Hubble has yet again managed to knock the ball out of the park, this time assisting scientists in finding an entire new class of planet. The planet GJ 1214b is pretty massive, somewhere between the mass of Uranus and Earth. But that’s not the important part:
Most of the planet is made from water.
GJ 1214b was discovered way back in 2009 by a ground based research team, rather than Kepler. It has a diameter 2.7 times that of earth, and has 7 times the mass. It orbits quite close to its dwarf star, but because of the dwarf star’s diminished output, its 38 hour day only gives it a surface temperature of 230 degrees Celsius. Which is hot, and is hot enough to boil water.
All that heat means that GJ 1214b has a thick, steamy atmosphere. Many would call it soupy, but that would probably be an understatement. But the enormous amounts of pressure means that there would be water somewhere down below, albeit far above the normal boiling temperature. Says team leader Zachory Berta,
“The high temperatures and high pressures would form exotic materials like ‘hot ice’ or ‘superfluid water’, substances that are completely alien to our everyday experience,”

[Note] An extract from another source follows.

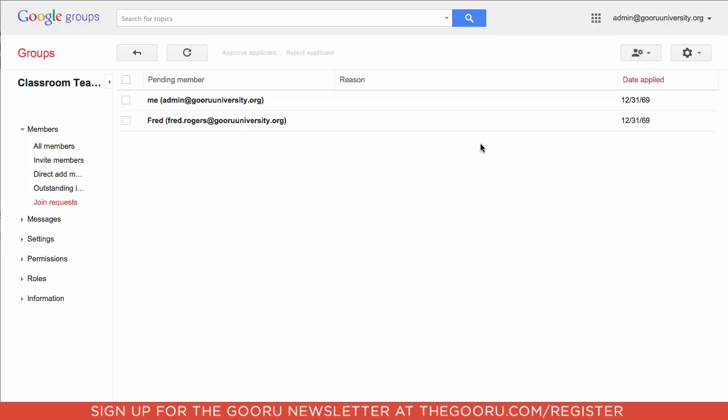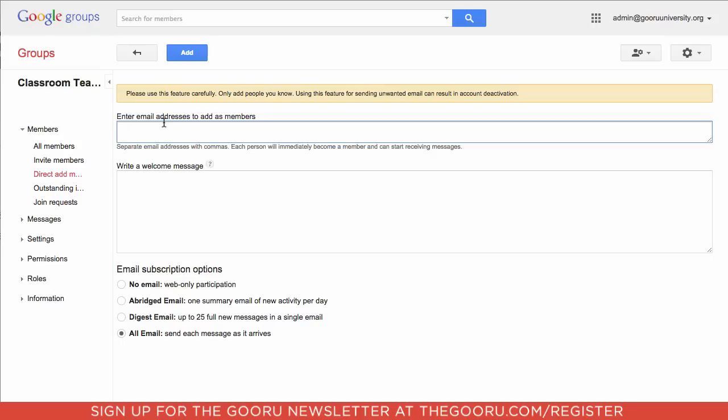What you'll do is you can either choose to invite members, which will give them the option of accepting, or you can just directly add the teachers, which will automatically put them in the group and they will be teachers in Google Classroom.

The scientists believe that the planet started further out in the solar system, somewhere where water and ice could form naturally. But the planet had a decaying orbit, which eventually brought it as close is it is to its star. If that is true, then the planet will probably eventually enter the atmosphere of the star, evaporating all the water and destroying the planet.
But there’s another side to the results: we’ve found that water planets do likely occur in the universe. They happen at least frequently enough that our limited planet hunting ability has been able to find them. A good sign for the discovery of an earth-like planet in the near future.